Adversarial Audio Examples
Techniques for crafting adversarial audio perturbations including psychoacoustic hiding, frequency domain attacks, and over-the-air adversarial audio.
Adversarial Audio Formulation
The adversarial audio problem: given a source audio signal x and a target transcription y_target, find a perturbation delta such that:
ASR(x + delta) = y_target
subject to: delta is imperceptible to humans
Unlike images where imperceptibility is measured by Lp norms, audio imperceptibility is governed by the human auditory system's masking properties.
Psychoacoustic Hiding
Auditory Masking
Two types of masking make adversarial audio possible:
Simultaneous masking: A loud sound at one frequency makes nearby quieter frequencies inaudible.
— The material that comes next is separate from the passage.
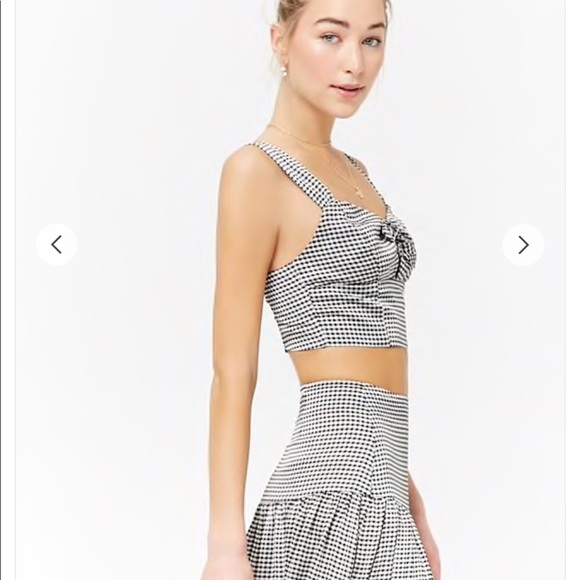 NEW XXI black/White checkered woven crop top - Picture 2 of 8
A loud tone at 1kHz masks sounds between roughly 800Hz-1.2kHz that are below a certain threshold.
Temporal masking: A loud sound makes preceding (backward masking, ~5ms) and following (forward masking, ~50-200ms) sounds temporarily inaudible.
import numpy as np
from scipy.signal import stft
def compute_masking_threshold(
audio: np.ndarray,
sample_rate: int = 16000,
frame_size: int = 512
) -> np.ndarray:
"""
Compute a simplified psychoacoustic masking threshold.
Returns: threshold per frequency bin per frame.
Perturbations below this threshold are inaudible.
"""
# Compute STFT
f, t, Zxx = stft(audio, fs=sample_rate, nperseg=frame_size)
power_spectrum = np.abs(Zxx) ** 2
# Simplified masking model (Schroeder spreading function)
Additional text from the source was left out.